Editorial: The noisy pots and kettles of reproductive politics
An irony of the Garfield County commissioners’ decision last week to kill a paltry $1,500 grant to Planned Parenthood is that it was decidedly not a pro-life move.
And, given that the commissioners decided to jump into reproductive politics, it’s worth discussing the county’s teen pregnancy rate, which has been among the highest in Colorado. Garfield County has made recent progress in lowering the rate, but the commissioners could and should do more.
On the first point, Planned Parenthood would have used the grant for cervical cancer screening. Denying the money to Planned Parenthood wasn’t accompanied by a proposal for this screening to be performed by another organization, so the move amounts to cutting $1,500 from a potentially lifesaving public health service.
If opposition to Planned Parenthood is based on a pro-life position, and of course it is, eliminating even a little spending in the county for cancer screening is hypocritical.
Moreover, the move inspired a crowdfunding effort that will hand Planned Parenthood 10 times as much money as the grant amount — money that carries no restriction on its use.
Commissioner Tom Jankovsky, whom we endorsed for re-election last year and consider to be a level-headed leader almost all the time, started all this by saying he was irritated that Planned Parenthood’s political action wing was sending political emails.
Count us as shocked, just shocked, at the pots and kettles clattering about here.
Planned Parenthood is under political attack nationwide. It has formed a separate political action committee that is not silent in the face of often-distorted attacks as politicians around the country work to strangle the organization’s finances. It’s just like the many 501(c)(4) groups that raise and spend money and, golly, even send emails on behalf of conservative causes.
This is how this looks: A politician got some political emails he didn’t like, so he made a political move to deprive the group of a dollop of cancer screening money in a way that plays to his conservative base. Oh, and women can get that lady parts test done somewhere else, but we’re not going to use this little amount of money to help.
This looks for all the world to be petty political retribution that’s also cavalier about women’s health.
Jankovsky said Planned Parenthood does a lot of good work and his motivation was that county human services grant recipients aren’t supposed to be political, but the optics of his action say something much less nuanced — whether you support Planned Parenthood or not.
Further, one famous definition of politics is that it is the allocation of scarce resources, so it’s a little disingenuous to say that the process of choosing grant recipients is divorced of politics.
So the commissioners saw their way clear to kill this grant, but they cannot bring themselves to have the county join one of the nation’s most effective programs against teen pregnancy, the Colorado Family Planning Initiative.
The birth rate among 15- to 19-year-olds in Garfield County was 38.7 per thousand girls in 2013, well above the state rate of 22.3 per thousand and also higher than the rate in the state’s 42 rural counties.
Colorado as a whole succeeded in dropping its teen birthrate by 40 percent in four years after it began offering free, long-acting reversible contraceptives to low-income women through the Family Planning Initiative. The teen abortion rate also has dropped because pregnancies have dropped, and millions in Medicaid spending has been avoided.
Girls who have babies are more likely to drop out of school, less likely to be employed and more likely to be on welfare in their 20s and beyond.
In the face of this statewide success in reducing teen pregnancy, Garfield County doesn’t have an organization receiving money for accessible birth control.
Eagle County, which set up a county-operated program, had a birth rate of 22.6 per thousand teens in 2012, down from 32.4 in 2009.
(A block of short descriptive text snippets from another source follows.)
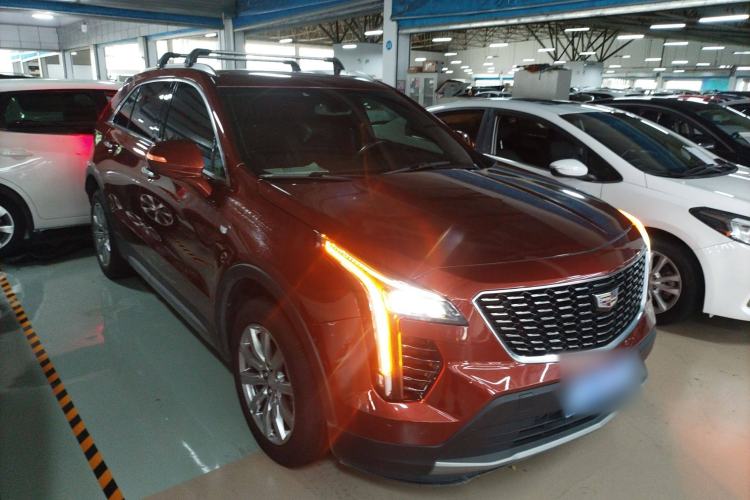 Used Cadillac XT4 2021 28T Two-Wheel Drive Leading Version
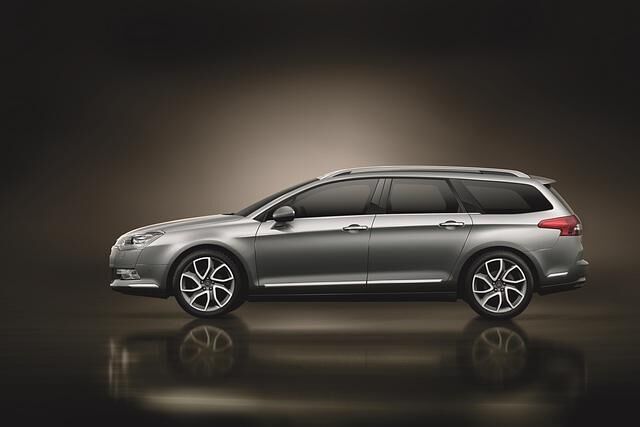 Neben der Limousine gibt es auch einen Kombi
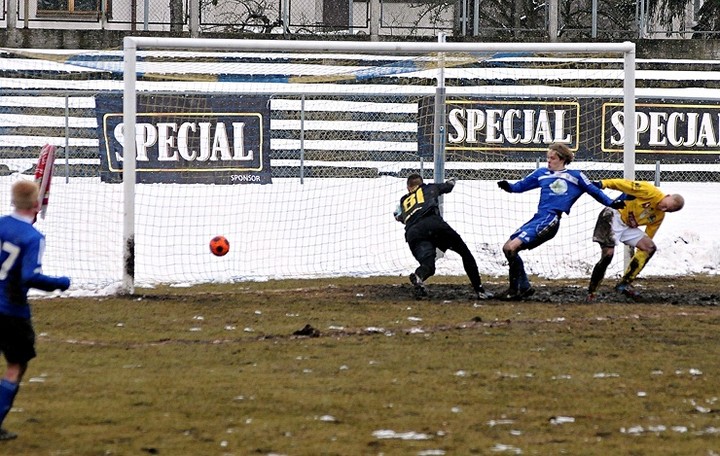 Bitwa na błocie dla Olimpii. Olimpia - Motor 1:0 zdjęcie nr 67640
Montrose County, which receives family planning money through its health department, saw its teen birthrate drop from nearly 50 births per 1,000 girls in 2009 to 28.8 by 2013.
Garfield County told the PI on Friday that its Public Health Department does not utilize the Colorado Family Planning Initiative through any of its programming. If a conversation warrants, Public Health staff may refer clients interested in reversible birth control to Pitkin, Eagle or Mesa counties.
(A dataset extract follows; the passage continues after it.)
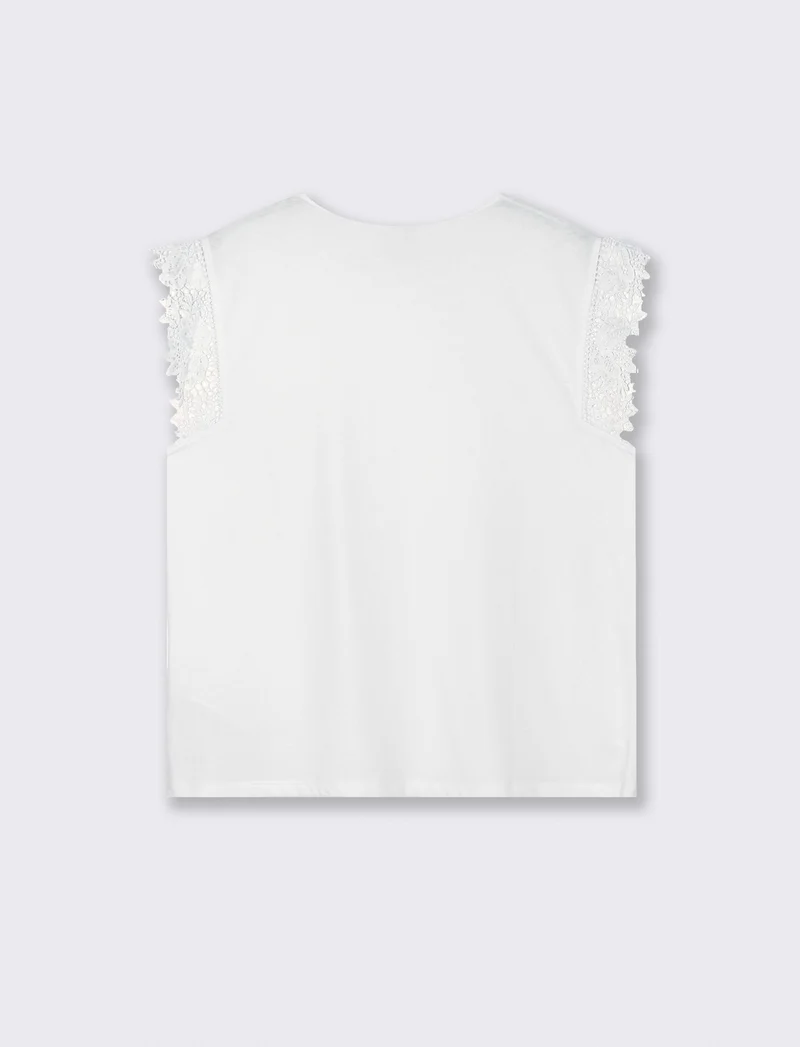 T-shirt in pizzo per donne eleganti - Bianco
The county’s program to fight teen pregnancy is PREP — Personal Responsibility Education Program — which provides “abstinence-focused comprehensive sexual health education.” It includes information about birth control but not access to birth control methods.
PREP’s program manager said Friday that the county’s teen birthrate dropped to 27 per 1,000 in 2014, which would be a remarkable drop from 2013’s 38.7. That’s worthy of applause, but it still puts the county well above the state average of a year before and at least a year behind Eagle and Montrose counties, whose 2014 rates aren’t yet reported.
Garfield County should embrace the state’s success and work to prevent more teen pregnancy, which drops the abortion rate, saves money and keeps teens from making their lives and their ill-conceived children’s lives immensely more difficult.
That’s pro-life, that’s fiscally sound, that’s level-headed leadership — unlike the symbolic political step of blocking a tiny grant and exacerbating division.